The liquid crystal display device according to claim 2, wherein the liquid crystal display device has a range of 20 μm. 4. An active matrix array substrate in which pixel electrodes arranged in a matrix and peripheral circuits for driving the pixel electrodes are integrated on the same substrate, a counter substrate facing the active matrix array substrate, and a liquid crystal layer held by the both substrates.
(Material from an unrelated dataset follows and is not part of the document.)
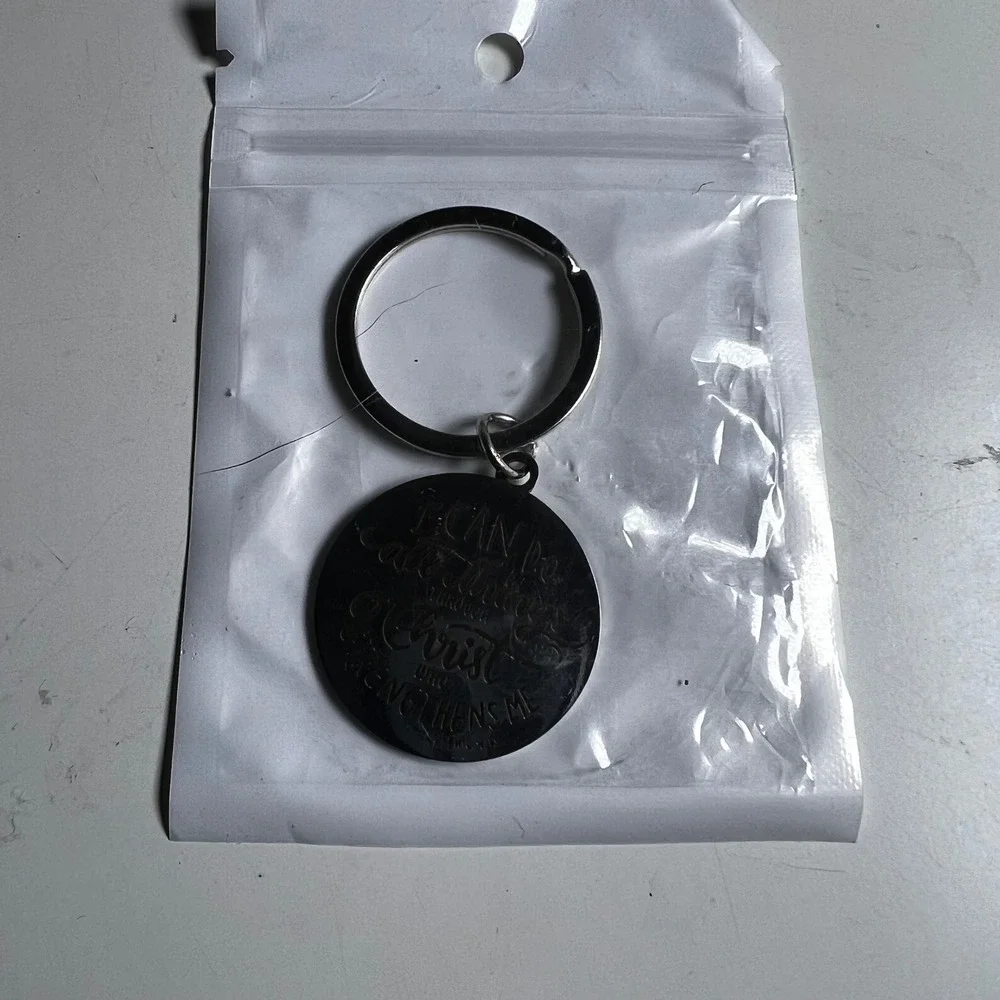 Unbranded keychain silver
A thin film transistor used in a liquid crystal display device in which the arrangement of the polarizing plate is normally white, the transistor being a multi-gate type MIS transistor having a plurality of gate electrodes, This has an LDD structure having a low-concentration impurity region between a source / drain region and a channel region, and in the plurality of gate electrodes, at least one gate electrode is different in size from other gate electrodes. And a thin film transistor. 5. The thin film transistor is used for a pixel switching element, and a channel length dimension of a gate electrode near a drain region and a storage capacitor portion is longer than a channel length dimension of another gate electrode. 4. The thin film transistor according to 4. 6. The channel length dimension of the gate electrode near the drain region and the storage capacitor portion is in the range of 0.1 to 10 μm, and the channel length dimension of the other gate electrode is 0.2 to.
The thin film transistor according to claim 5, having a thickness in the range of 20 μm.